あの禍々しい黒い靄は何らかの状態異常を引き起こすものと推測されるので、無視して攻撃を続けた。



先程同様”状態異常無効”のパッシブ効果で寒さや黒い靄の状態異常を無効化した。

伯爵も障壁には状態異常を通さない効果が付いているようで、今回もHPは減らない。

そして、TPも同様に何らかのスキルを発動しているにも関わらず満タンのままである。



おそらくこれらの攻撃は契約に従って悪魔の力を使っているだけだ。

伯爵のステータスは何も関係していないのだろう。



「これも通じないのか…!!イブリース、奴を洗脳しろ!!」



障壁の真上辺りの空間が歪み、そこから薄紫色のもやもやとした光線が広がった。

洗脳は今まで受けたことが無いので少し警戒したが、流石は”状態異常無効”だ。

洗脳されるどころか思考を揺さぶられることすらなかった。



『…ってかさっきから”状態異常無効”が無双しちゃってるよ。悪魔との相性最高だな。』



「な、何なんだお前は!!ラーヴァナ、奴を切り刻め!!」



障壁の周囲が何カ所も歪み、そこから青白く光る無数の斬撃が放たれた。

俺は両手剣Lv.9”ノヴァディザスター”を行使して向かってくる斬撃とぶつけて次々相殺していったが、相手の斬撃数の方が圧倒的に多くいくらか被弾してしまった。

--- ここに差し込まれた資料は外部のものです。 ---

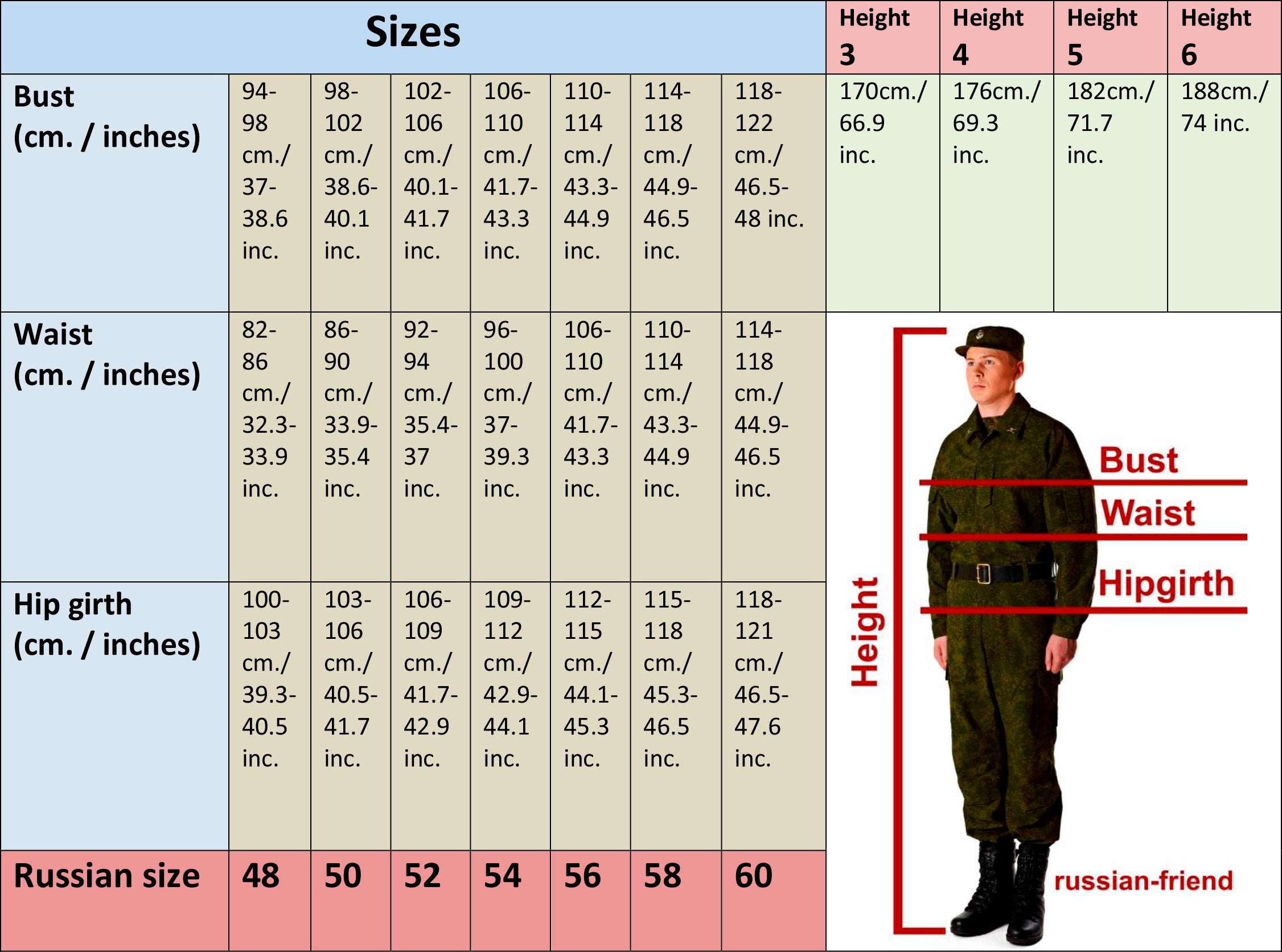 Soviet Naval Wool Greatcoats Grade B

青白く光る斬撃は俺の頑丈な装備を貫き、両太腿と両腕の薄皮が切れて血が流れた。



『油断したな。悪魔は物理攻撃の手段もあるのか…』



「や、やっと攻撃を受けたか。この化け物め…」



化け物はどっちだと言ってやりたいが、そんな軽口を叩ける余裕がない。

相手は俺を傷つけられる攻撃手段を持っており、対する俺はそれを持っていないからだ。

何とか伯爵に傷をつけられる攻撃手段を見つけなければ。



『どうにかあの障壁を潜り抜けたいんだがな…』



そうこうしているうちに斬り落とした鋭利な触手が再生し、襲い掛かってきた。

俺は再び”アトミックスターダスト”を行使して触手ごと辺り一帯を切り刻むと、屋敷は完全に倒壊し細かく切り刻まれて更地になった。



「ぼ、ぼくちんの屋敷をよくも…!!」



青白く光る斬撃で攻撃してくるかと警戒するも、その様子はない。

距離を詰めつつ”鬼人剣”を”死神鎌”に持ち替え、鎌Lv.1”リーパー”を行使した。

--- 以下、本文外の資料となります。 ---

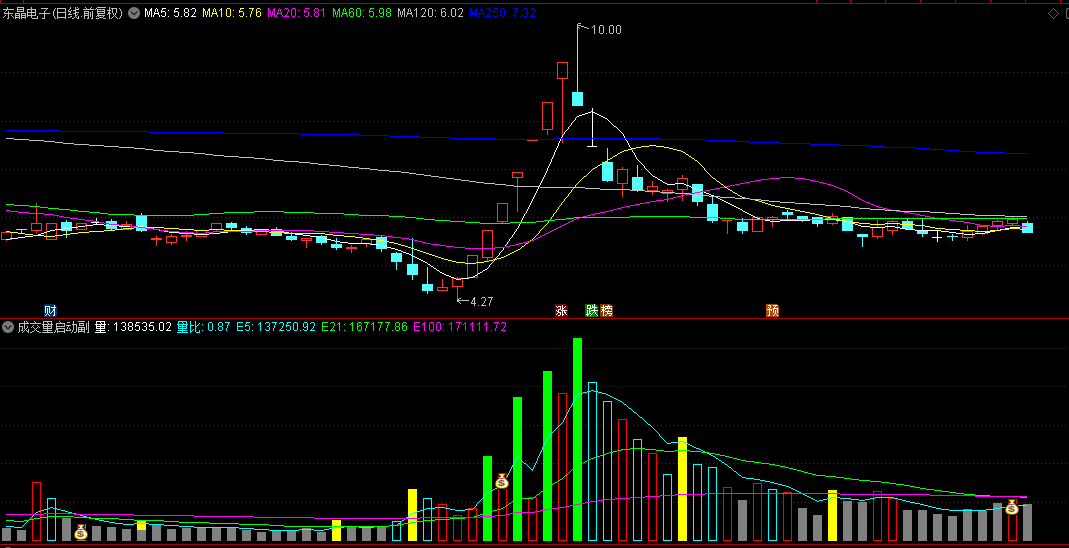 【成交量启动】副图/选股指标 钱袋子信号可以用来打板或今买明卖或做主升启动点等 通达信 源码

実態を持たずHPだけを刈り取るこの武器であれば、障壁を無視して直接攻撃できると考えたのだ。



思い切り振りかぶり、伯爵の足目掛けて大きく横薙ぎをした。

するとギィィィィ!!!!と鋭いものが擦れるような音と共に攻撃は障壁に阻まれた。



『ちっ!!これもダメか…』



「パズズ、炎だ!!」



『ん…?』



その攻撃が俺には効かないと分かっているはずだ。

先程防いだのが単なるまぐれか回数消費型魔道具で防いだとでも思っているのだろうか。

再び”状態異常無効”で防ぎつつ攻撃し続けた。



「アンリマユ、奴に災いを!!」



伯爵の視線が先程からチラチラと泳いでいる。

まるで何か俺に悟らせたくないことでもあるようだ。



「イブリース、洗脳しろ!!」



『…そうか!そういうことか!』



俺に傷をつけたあの斬撃を連続使用せず、そして攻撃の順番が先程と全く一緒…

つまり、あれらの攻撃にはクールタイムがあるということだ。

そして奥の手を秘めているかもしれないが、攻撃手段は触手、炎風、災い、洗脳、斬撃の5つである可能性が高い。